> Data section:
★ ★ ★ ★

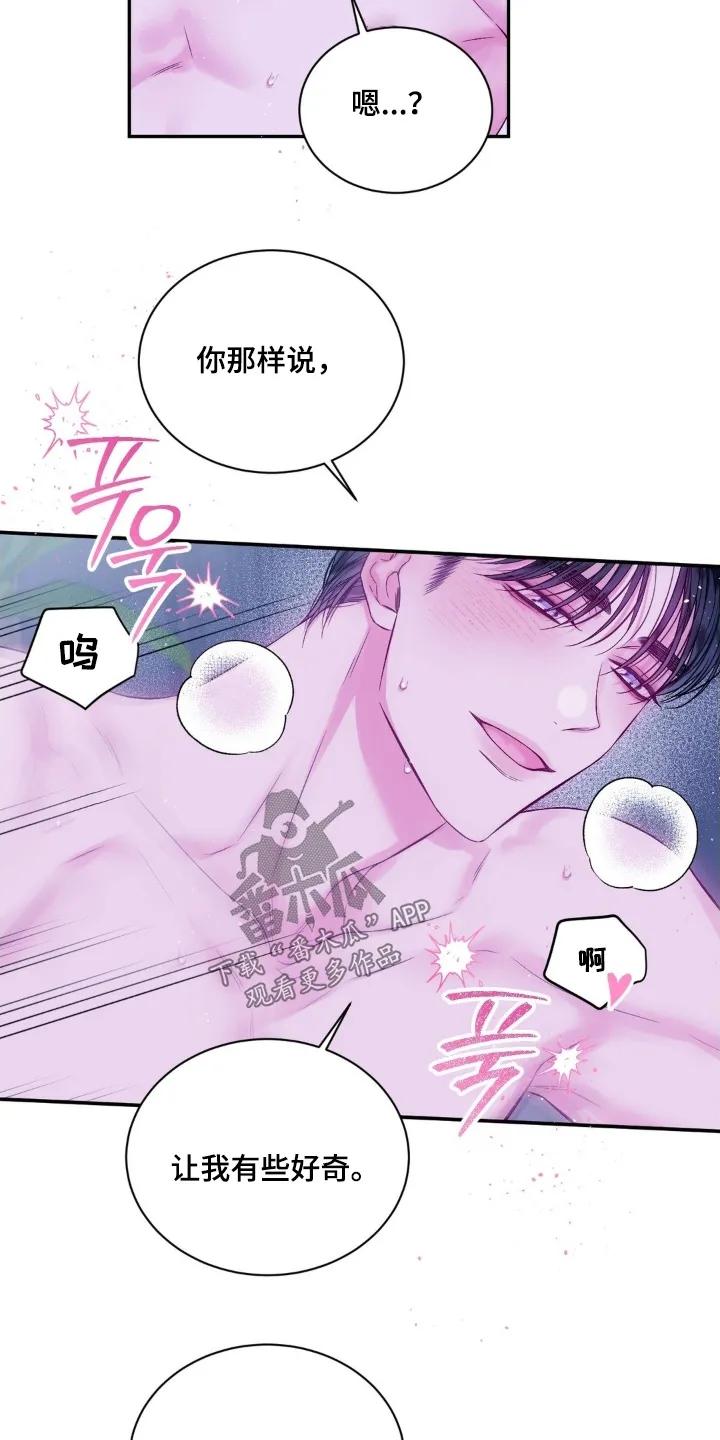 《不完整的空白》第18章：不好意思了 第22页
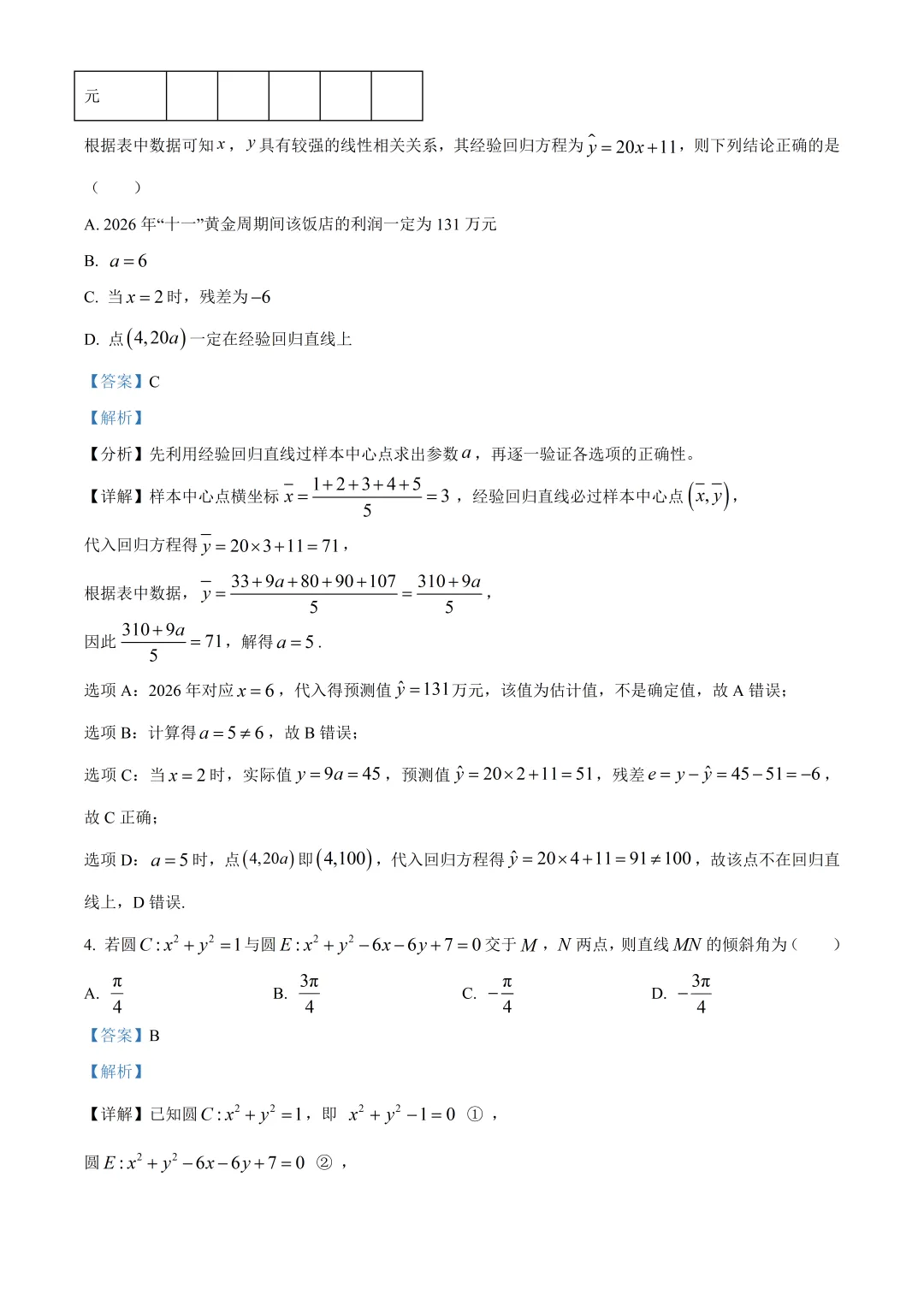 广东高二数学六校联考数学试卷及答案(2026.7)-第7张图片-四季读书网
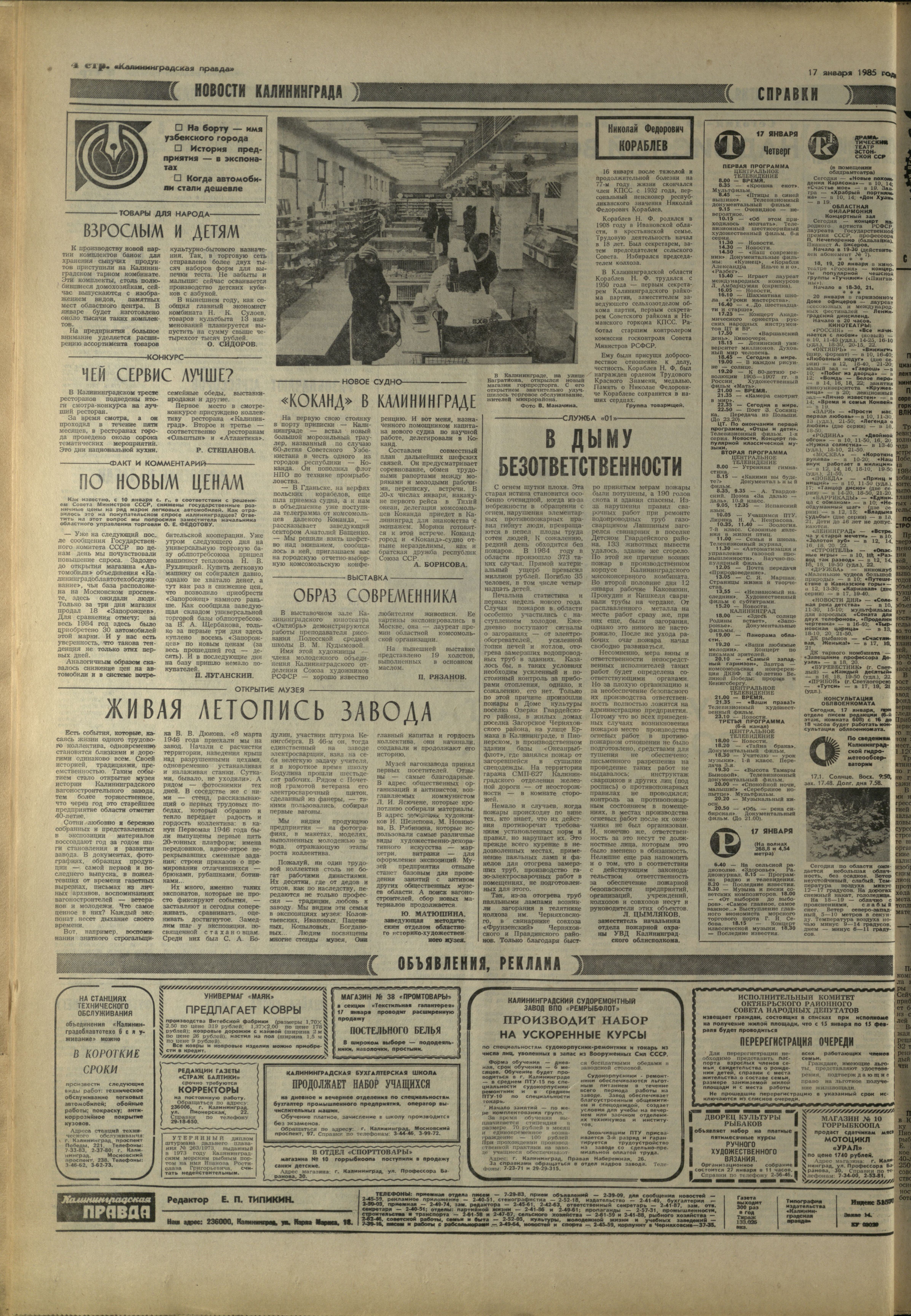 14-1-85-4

★ ★ ★ ★

> Exercise objective:
Transcribe the whole of the data exactly, minus any pictures.

> Result of this exercise:
 《不完整的空白》第18章：不好意思了 第22页
 广东高二数学六校联考数学试卷及答案(2026.7)-第7张图片-四季读书网
 14-1-85-4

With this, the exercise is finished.